船戸与一著。新潮社刊。
満州の建国から始まる第3巻です。敷島4兄弟の環境もいろいろと変わりつつあり、特に末っ子の四郎の変貌ぶりが凄まじいです。第3巻の冒頭ではまだ上海にいたのに、最後には日本の第二次満州移民村に通訳として住み込んでいます。うーむ、第5巻では新聞記者となって南京大虐殺に立ち会うことになるそうですから、いろいろな才能はあるんでしょうが、相変わらずの流され&利用されの人生。一回、東京に帰ったものの、義母が自分を吊るし上げようとした特高の刑事と乳繰り合う仲になっちゃったのを目撃して、その刑事を射殺、逃げるようにまた中国へ戻ってます。上海では最初の慰安所なんかも作らされちゃって、これから先が心配。
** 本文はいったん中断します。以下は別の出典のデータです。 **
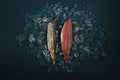 Greendale Mackerel Fillets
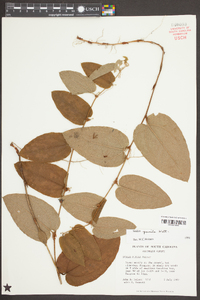 Smilax pumila image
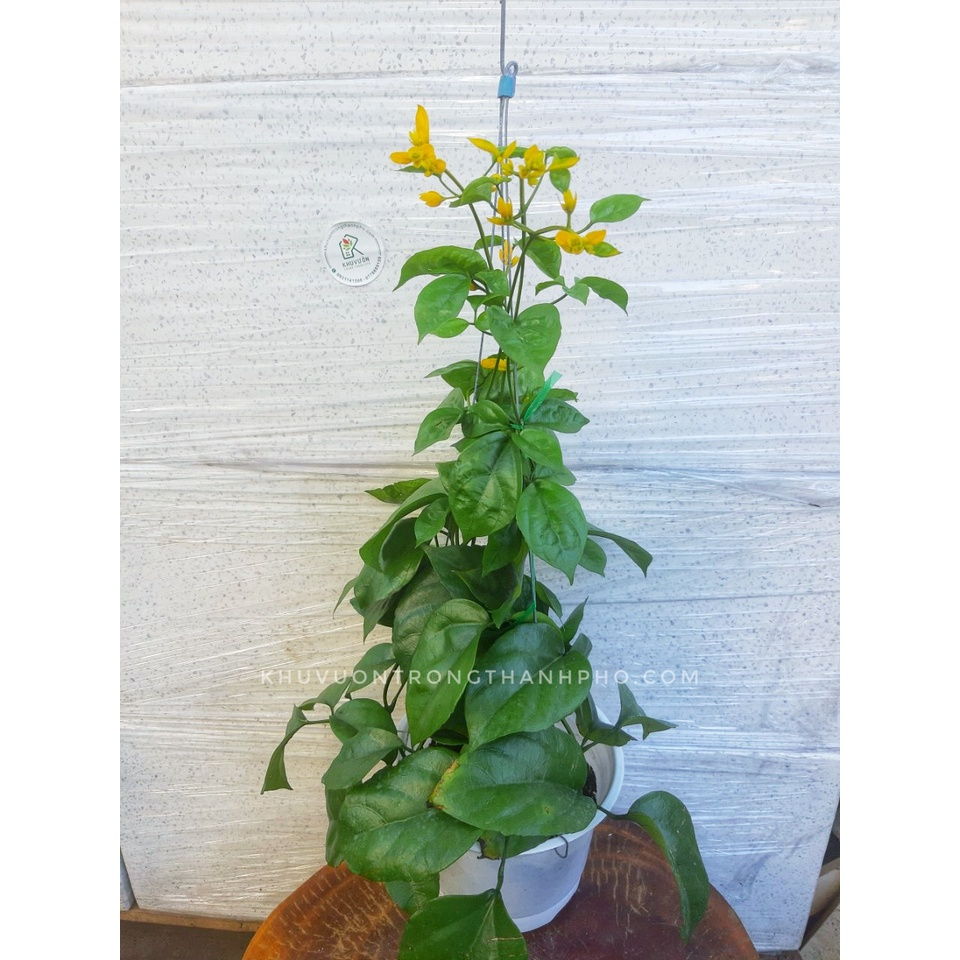 Cây lan hoàng dương giống thái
武闘派の次郎も、中国北東部をあっちに行ったり、こっちに来たり。金のために、たまに特務機関に雇われたりしていますが、一ヶ所に落ち着けないたちなので、流浪の人生が性に合うようです。でも、かつては一緒に復讐もした辛雨広(部下の息子)に去られ、上海事変に関わったり、日本のために汚い仕事なんかも請け負ったことも知られて、辛雨広に命を狙われていたり。武闘派なんで、最後まで生き延びそうにありませんが、4兄弟のなかでは好きな人物なんで、ひょうひょうと生き延びてほしいもんでありますが。
長男の太郎と三男の三郎は身辺の変化は特にありませんが、仕事に忙しい毎日。あ、三郎は結婚したのか。太郎の息子が第3巻の最後で亡くなっているんですが、これはどういう伏線なんだろうか?
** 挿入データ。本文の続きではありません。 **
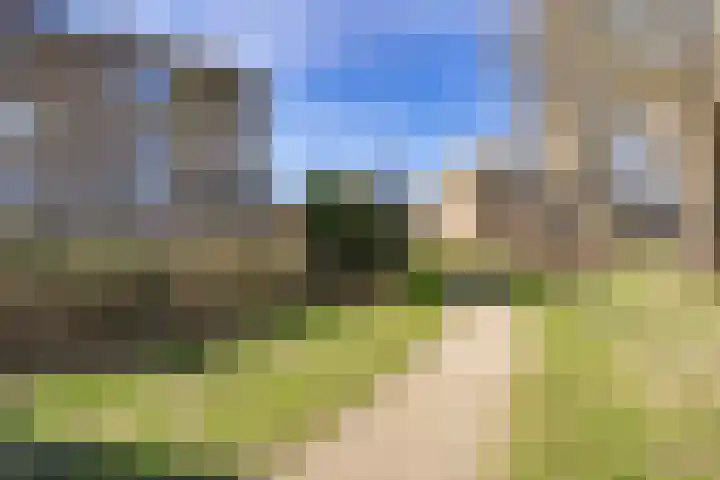 Dierenriemstraat 79 Groningen thumbnail 31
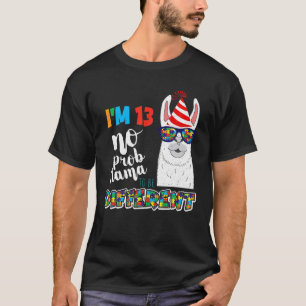 Age 13 Year Old Birth Llama Puzzle April Autism Aw T-Shirt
あと、第3巻では日本軍による中国での虐殺事件として悪名高い平頂山事件を、次郎が目撃、太郎が現場検証などを行っており、うやむやにしたり、なかったことにしたりしていないのが、さすが船戸さん。
引き続き、4巻へと読み進めたいのですが、第6巻でも完結してなそうで、著者の最長小説になりそうな感じです。